Personal information
- Full name: Yuriy Stepanovych Shevchuk
- Date of birth: 6 May 1985 (age 41)
- Place of birth: Novohrad-Volynskyi, Ukrainian SSR
- Height: 1.98 m (6 ft 6 in)
- Position: Goalkeeper

Youth career
- 1999: Polissya Zhytomyr
- 2000–2002: UFK Karpaty Lviv

Senior career*
- Years: Team / Apps / (Gls)
- 2002–2006: Karpaty Lviv / 0 / (0)
- 2002: → Karpaty-3 Lviv / 2 / (0)
- 2003–2004: → Halychyna-Karpaty Lviv / 5 / (0)
- 2004–2006: → Karpaty-2 Lviv / 25 / (0)
- 2006: Nyva Ternopil / 12 / (0)
- 2007: Odeva Lipany / ? / (?)
- 2008: Bodva Moldava nad Bodvou / ? / (?)
- 2008–2010: Lviv / 8 / (0)
- 2010: → Lviv-2 / 4 / (0)
- 2011: Sambir / 12 / (0)
- 2012–2020: Rukh Vynnyky / 113 / (0)

Managerial career
- 2017–: Rukh Vynnyky (goalkeeping coach)
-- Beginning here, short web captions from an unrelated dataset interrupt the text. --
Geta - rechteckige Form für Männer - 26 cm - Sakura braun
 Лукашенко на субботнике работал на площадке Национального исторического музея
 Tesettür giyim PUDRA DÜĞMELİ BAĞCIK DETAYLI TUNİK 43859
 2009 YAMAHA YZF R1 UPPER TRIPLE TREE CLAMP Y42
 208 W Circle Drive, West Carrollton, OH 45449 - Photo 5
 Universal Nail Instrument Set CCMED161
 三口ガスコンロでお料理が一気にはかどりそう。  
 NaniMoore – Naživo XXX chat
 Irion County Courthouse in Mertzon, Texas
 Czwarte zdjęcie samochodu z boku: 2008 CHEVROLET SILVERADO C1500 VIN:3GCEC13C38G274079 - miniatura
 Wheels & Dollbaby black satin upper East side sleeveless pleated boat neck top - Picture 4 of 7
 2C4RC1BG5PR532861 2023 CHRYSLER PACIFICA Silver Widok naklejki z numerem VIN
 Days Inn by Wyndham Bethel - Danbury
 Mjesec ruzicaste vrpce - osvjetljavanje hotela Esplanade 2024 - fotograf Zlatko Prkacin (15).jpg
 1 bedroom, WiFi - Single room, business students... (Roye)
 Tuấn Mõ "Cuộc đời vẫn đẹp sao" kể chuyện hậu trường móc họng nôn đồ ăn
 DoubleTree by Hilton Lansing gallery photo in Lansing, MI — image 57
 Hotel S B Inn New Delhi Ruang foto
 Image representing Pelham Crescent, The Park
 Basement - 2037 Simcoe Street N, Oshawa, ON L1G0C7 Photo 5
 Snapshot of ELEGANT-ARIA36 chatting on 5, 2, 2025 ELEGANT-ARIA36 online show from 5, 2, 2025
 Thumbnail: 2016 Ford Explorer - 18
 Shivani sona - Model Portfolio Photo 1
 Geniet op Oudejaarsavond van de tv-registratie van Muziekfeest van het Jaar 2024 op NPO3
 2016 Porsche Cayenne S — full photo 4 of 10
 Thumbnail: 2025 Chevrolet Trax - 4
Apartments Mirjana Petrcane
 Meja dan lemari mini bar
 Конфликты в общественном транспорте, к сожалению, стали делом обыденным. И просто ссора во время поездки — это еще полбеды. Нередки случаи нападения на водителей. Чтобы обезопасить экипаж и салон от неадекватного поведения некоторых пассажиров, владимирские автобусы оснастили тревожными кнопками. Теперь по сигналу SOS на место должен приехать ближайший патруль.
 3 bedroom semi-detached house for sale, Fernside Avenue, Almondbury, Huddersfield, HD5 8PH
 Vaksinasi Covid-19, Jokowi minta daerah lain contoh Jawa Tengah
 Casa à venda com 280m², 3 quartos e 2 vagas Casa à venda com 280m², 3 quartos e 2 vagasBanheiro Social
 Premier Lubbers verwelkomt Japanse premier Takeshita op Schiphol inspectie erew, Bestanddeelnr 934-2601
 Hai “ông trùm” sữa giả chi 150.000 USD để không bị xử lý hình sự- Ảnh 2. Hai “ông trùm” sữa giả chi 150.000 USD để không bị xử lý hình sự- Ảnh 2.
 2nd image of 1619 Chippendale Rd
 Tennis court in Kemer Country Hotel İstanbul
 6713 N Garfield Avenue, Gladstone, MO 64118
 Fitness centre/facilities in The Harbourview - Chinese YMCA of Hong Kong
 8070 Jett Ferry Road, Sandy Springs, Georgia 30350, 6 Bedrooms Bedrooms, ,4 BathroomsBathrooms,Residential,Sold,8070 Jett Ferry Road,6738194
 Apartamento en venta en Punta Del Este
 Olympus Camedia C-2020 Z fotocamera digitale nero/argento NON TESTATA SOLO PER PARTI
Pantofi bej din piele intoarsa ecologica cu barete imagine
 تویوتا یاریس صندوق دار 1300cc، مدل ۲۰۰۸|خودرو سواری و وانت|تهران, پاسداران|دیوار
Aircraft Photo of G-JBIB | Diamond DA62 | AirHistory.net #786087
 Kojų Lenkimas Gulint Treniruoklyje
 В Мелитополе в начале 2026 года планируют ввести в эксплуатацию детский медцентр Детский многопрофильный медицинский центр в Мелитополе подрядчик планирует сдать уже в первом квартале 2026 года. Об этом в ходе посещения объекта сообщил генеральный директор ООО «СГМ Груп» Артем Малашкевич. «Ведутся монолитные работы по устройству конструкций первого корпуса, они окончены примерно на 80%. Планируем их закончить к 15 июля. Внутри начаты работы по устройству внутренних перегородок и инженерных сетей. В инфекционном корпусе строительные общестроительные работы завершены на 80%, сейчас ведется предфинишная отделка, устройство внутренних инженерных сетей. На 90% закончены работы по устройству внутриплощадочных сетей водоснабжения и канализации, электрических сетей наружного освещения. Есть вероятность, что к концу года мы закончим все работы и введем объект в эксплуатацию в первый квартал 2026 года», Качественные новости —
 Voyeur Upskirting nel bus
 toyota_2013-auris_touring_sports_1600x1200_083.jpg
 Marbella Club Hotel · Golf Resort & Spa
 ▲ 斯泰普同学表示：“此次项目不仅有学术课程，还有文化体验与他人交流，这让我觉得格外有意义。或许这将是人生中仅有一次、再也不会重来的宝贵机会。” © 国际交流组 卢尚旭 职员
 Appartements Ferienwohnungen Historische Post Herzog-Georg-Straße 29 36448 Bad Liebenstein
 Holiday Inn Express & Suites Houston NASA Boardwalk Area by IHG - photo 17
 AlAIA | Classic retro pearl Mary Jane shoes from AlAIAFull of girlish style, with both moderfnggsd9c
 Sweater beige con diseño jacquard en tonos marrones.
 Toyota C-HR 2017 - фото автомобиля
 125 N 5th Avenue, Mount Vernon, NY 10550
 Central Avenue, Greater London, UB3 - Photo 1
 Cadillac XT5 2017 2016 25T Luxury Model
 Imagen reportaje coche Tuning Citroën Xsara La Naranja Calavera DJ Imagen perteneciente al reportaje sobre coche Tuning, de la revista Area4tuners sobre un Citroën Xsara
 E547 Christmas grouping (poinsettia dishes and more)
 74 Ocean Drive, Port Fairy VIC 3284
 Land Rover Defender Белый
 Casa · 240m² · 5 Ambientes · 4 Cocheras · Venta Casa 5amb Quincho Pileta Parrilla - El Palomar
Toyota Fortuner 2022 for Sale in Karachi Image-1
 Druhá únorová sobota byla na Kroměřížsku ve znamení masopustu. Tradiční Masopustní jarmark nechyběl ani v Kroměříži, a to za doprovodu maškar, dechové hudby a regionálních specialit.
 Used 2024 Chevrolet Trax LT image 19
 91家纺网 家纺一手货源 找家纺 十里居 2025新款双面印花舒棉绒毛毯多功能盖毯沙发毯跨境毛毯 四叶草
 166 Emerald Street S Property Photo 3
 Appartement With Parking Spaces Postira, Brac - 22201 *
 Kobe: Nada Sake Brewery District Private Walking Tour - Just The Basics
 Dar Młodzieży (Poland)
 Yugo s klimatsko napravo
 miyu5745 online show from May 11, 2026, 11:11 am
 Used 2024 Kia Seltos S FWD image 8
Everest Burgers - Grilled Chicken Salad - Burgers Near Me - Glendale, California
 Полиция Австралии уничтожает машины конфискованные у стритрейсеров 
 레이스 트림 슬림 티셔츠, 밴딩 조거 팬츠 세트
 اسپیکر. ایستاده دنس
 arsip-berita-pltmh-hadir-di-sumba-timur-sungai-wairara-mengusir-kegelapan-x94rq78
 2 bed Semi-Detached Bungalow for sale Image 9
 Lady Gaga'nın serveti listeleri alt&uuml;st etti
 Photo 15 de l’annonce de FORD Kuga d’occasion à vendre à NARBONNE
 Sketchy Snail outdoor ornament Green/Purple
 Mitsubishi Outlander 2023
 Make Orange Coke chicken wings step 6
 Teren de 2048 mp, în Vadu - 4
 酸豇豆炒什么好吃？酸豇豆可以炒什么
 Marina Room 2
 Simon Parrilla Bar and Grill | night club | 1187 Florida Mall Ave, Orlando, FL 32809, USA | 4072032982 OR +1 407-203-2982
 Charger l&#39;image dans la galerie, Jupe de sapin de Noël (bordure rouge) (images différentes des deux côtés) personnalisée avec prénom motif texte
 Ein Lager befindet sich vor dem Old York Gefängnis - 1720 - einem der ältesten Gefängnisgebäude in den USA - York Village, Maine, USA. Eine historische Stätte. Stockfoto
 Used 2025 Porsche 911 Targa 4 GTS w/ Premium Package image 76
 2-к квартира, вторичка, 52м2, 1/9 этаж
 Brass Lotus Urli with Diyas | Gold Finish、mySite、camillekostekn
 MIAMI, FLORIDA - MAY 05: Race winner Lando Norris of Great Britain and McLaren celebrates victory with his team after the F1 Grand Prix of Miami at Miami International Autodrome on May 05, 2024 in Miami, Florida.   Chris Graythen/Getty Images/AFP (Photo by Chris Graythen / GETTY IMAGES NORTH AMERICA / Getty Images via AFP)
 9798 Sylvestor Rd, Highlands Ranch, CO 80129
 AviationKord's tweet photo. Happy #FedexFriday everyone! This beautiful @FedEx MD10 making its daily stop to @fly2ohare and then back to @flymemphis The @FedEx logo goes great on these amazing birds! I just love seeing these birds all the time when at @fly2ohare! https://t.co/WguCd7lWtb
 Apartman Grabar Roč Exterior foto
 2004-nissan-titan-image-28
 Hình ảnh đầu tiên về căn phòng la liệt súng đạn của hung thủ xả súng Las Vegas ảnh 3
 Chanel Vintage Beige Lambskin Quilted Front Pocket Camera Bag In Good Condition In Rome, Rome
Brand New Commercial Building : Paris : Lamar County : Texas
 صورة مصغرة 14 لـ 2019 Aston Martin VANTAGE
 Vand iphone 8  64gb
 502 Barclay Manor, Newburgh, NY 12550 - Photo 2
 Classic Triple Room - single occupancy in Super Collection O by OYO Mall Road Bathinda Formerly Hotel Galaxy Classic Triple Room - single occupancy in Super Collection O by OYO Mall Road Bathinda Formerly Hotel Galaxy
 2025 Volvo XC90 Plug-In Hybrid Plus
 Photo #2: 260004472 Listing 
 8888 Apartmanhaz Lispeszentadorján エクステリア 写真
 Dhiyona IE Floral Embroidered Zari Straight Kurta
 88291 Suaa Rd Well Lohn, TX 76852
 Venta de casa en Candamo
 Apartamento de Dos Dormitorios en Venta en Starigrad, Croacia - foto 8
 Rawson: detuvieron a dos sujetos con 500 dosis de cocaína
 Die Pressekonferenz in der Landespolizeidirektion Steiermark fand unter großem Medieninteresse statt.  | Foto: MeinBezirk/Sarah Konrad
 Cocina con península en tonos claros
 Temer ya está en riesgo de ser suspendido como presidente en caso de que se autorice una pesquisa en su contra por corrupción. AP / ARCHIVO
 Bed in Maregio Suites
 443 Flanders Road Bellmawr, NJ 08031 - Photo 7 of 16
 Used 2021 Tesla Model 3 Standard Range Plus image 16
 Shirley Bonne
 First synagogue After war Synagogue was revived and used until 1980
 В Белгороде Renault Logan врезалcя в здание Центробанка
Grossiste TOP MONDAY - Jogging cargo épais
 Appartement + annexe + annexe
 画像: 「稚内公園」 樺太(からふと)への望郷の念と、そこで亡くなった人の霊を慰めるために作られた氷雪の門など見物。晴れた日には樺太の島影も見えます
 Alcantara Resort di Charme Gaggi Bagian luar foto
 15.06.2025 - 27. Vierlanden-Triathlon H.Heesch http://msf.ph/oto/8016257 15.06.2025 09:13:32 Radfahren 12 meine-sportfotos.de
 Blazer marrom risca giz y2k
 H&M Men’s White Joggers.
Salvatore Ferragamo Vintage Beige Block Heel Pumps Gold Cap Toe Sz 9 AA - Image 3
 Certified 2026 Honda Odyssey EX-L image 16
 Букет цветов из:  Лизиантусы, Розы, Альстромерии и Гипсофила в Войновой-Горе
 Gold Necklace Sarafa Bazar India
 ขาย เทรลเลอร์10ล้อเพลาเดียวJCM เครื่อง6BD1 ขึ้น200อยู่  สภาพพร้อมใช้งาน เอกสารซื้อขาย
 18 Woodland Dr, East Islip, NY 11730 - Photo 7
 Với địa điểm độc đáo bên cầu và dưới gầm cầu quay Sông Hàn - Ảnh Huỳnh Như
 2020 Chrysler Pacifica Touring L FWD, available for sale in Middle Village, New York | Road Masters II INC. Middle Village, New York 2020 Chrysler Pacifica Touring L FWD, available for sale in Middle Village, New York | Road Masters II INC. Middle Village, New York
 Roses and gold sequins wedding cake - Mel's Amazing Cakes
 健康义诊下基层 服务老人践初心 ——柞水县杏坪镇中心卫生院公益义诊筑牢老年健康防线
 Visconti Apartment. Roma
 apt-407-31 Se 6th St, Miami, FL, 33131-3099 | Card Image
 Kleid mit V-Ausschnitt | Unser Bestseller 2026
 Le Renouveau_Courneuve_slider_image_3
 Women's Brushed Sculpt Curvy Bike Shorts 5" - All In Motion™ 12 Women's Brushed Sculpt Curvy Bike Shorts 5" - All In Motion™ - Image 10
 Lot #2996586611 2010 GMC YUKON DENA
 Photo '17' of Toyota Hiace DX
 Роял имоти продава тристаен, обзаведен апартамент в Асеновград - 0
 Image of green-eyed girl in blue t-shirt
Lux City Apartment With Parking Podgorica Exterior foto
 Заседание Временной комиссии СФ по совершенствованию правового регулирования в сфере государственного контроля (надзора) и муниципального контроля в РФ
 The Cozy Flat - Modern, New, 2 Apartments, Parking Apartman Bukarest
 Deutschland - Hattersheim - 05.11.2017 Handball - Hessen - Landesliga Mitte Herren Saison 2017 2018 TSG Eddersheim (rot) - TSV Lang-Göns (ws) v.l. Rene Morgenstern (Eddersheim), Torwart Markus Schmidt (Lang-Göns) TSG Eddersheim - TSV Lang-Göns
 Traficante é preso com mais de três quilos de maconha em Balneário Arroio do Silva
= Yuriy Shevchuk (footballer) =

Ukrainian footballer and manager

Yuriy Stepanovych Shevchuk (Юрій Степанович Шевчук; born 6 May 1985) is a Ukrainian football goalkeeping coach and retired footballer who played as a goalkeeper.

==Career==
Shevchuk is a product of youth team systems of FC Polissya and UFK Karpaty. His first trainers were Ruslan Skydan and Valeriy Bliznichenko.

He spent his career mainly as a player in the lower leagues of Ukraine and Slovakia. But also played two games for FC Lviv in the Ukrainian Premier League in 2008.